## [Exercise brief]
Before you return the lines below, strip out any images and keep every word as written.
(Task data Opens)
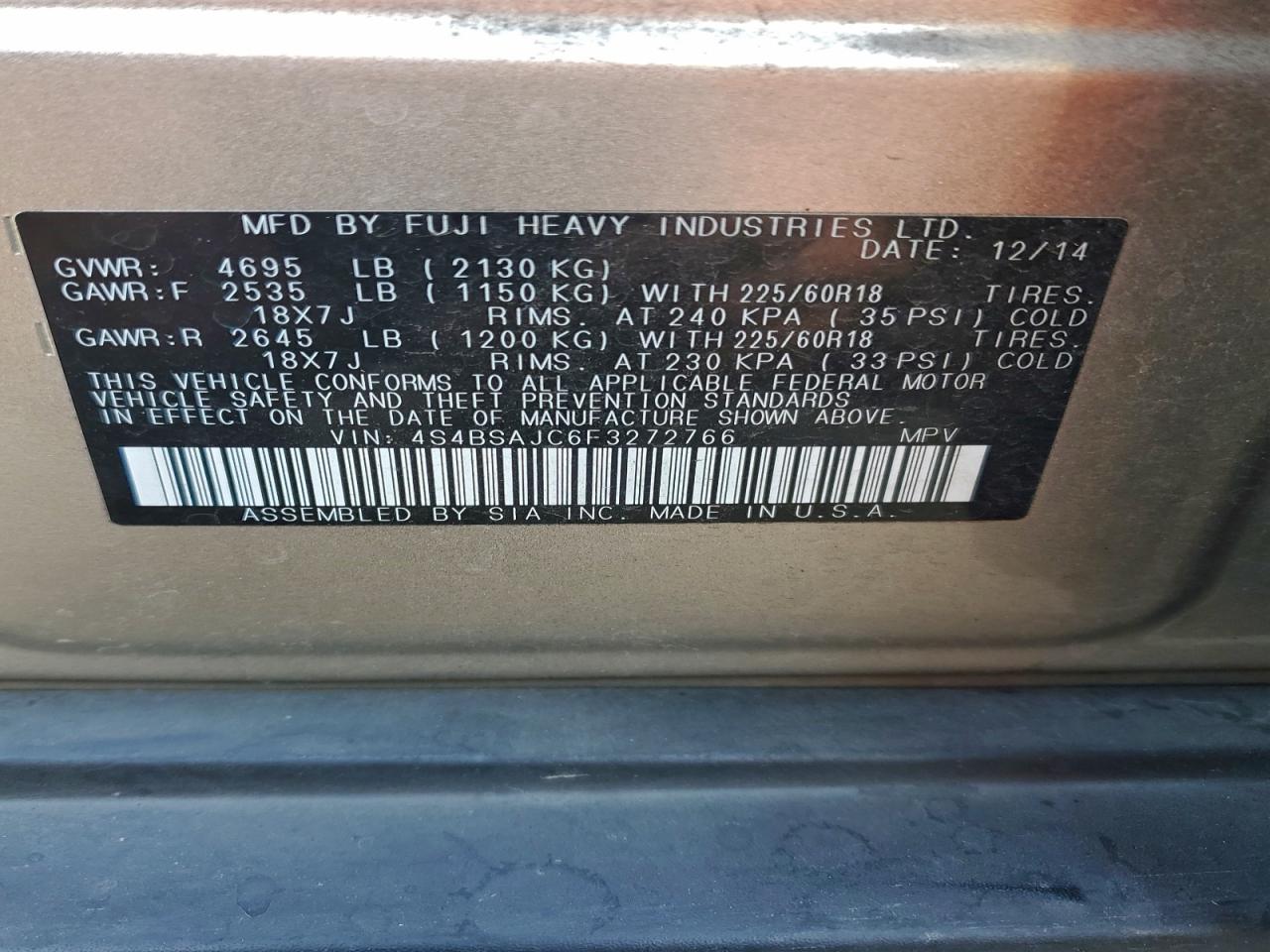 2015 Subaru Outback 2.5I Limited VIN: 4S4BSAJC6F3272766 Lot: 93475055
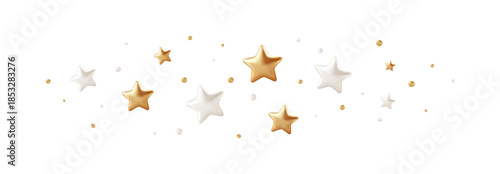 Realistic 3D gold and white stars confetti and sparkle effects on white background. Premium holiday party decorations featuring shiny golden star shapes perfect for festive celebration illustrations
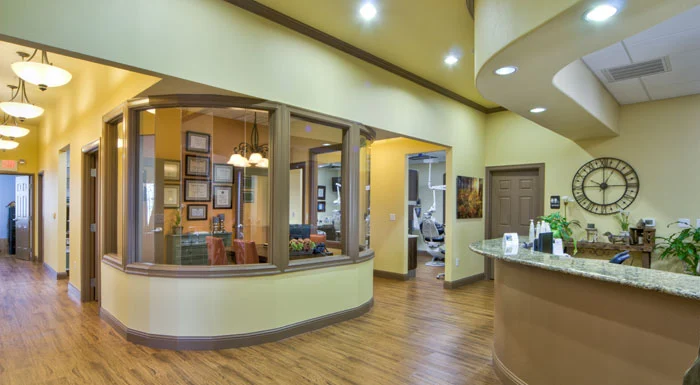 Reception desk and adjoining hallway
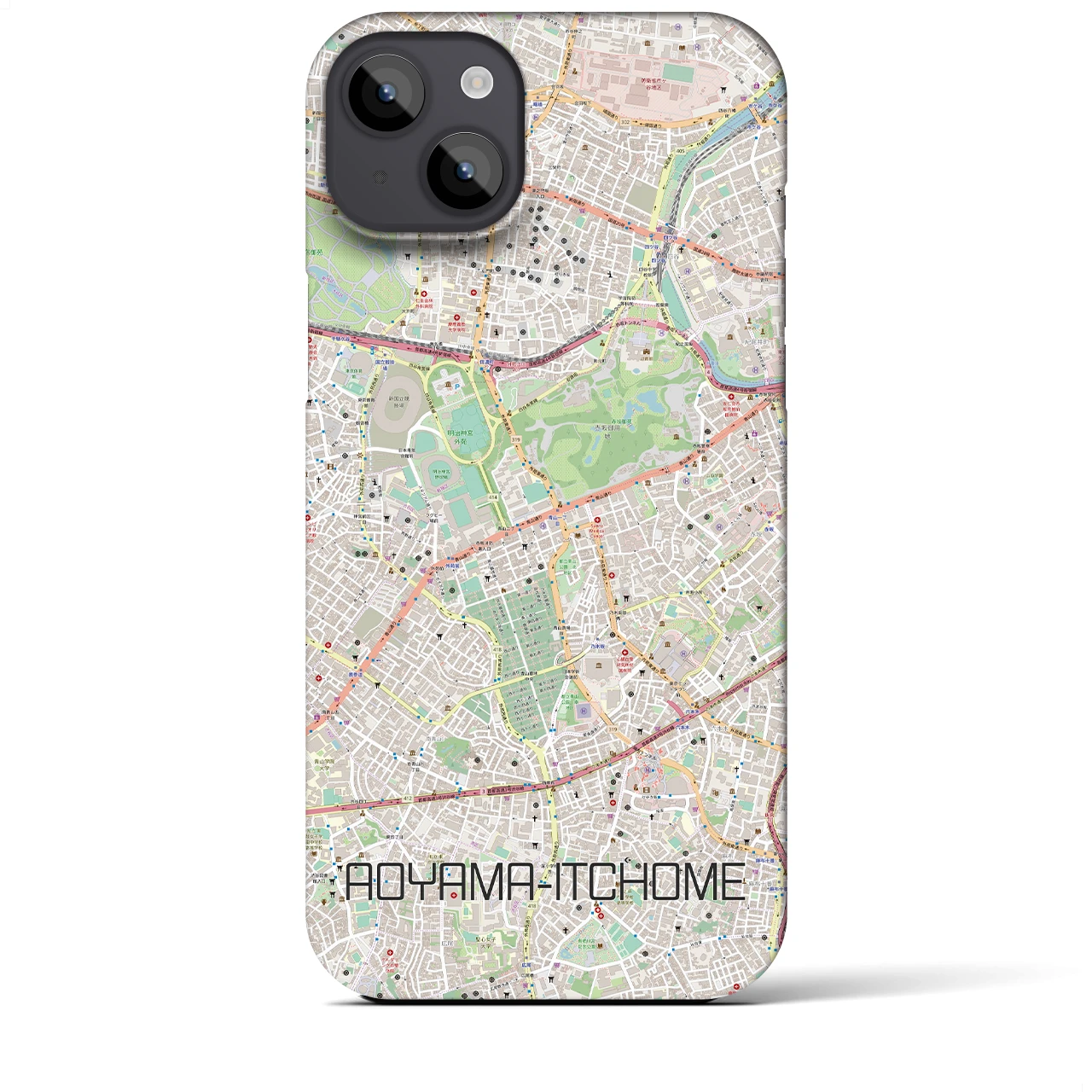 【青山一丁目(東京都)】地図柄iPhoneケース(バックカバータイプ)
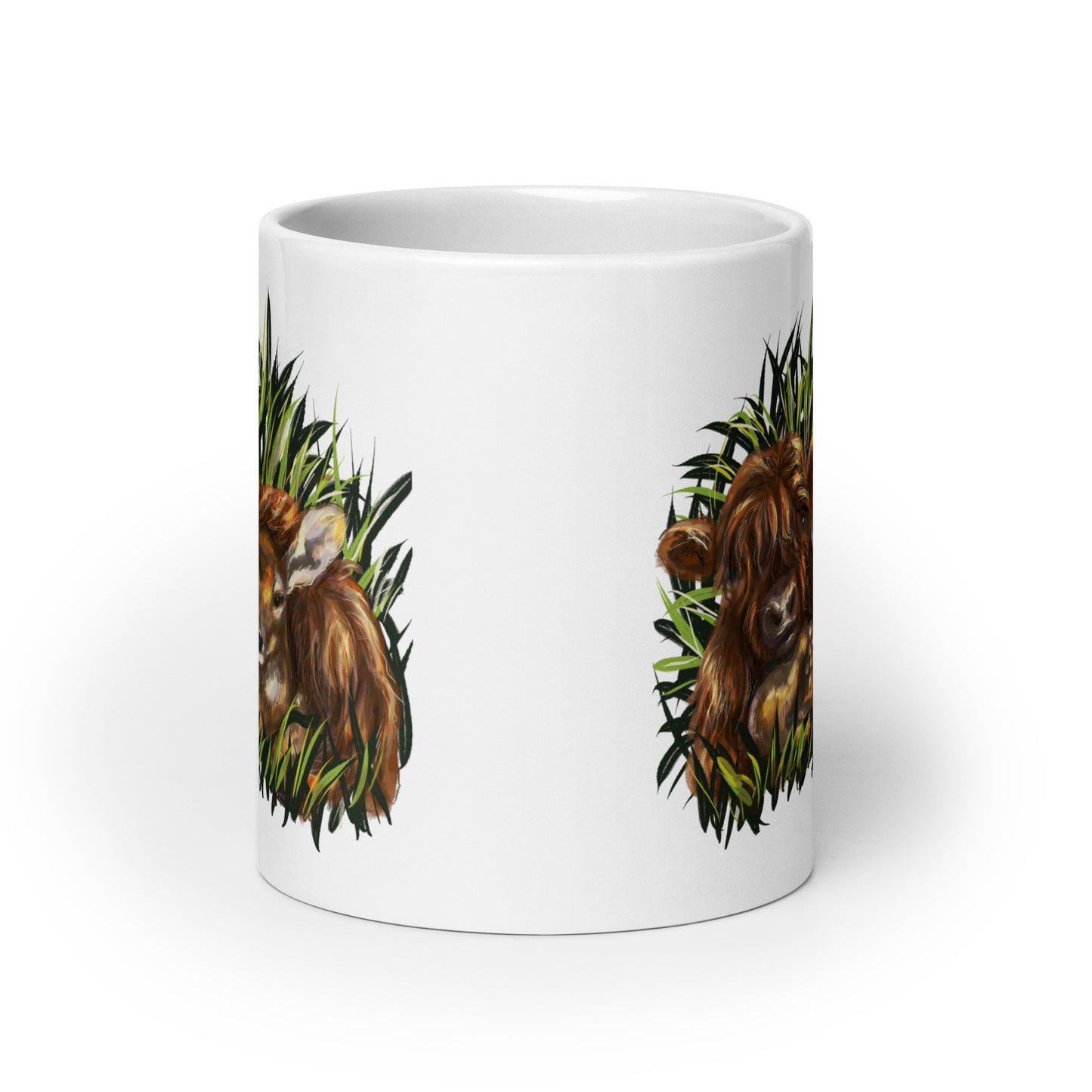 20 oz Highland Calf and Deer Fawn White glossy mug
(Task data Closes)
## [Response]
 2015 Subaru Outback 2.5I Limited VIN: 4S4BSAJC6F3272766 Lot: 93475055
 Realistic 3D gold and white stars confetti and sparkle effects on white background. Premium holiday party decorations featuring shiny golden star shapes perfect for festive celebration illustrations
 Reception desk and adjoining hallway
 【青山一丁目(東京都)】地図柄iPhoneケース(バックカバータイプ)
 20 oz Highland Calf and Deer Fawn White glossy mug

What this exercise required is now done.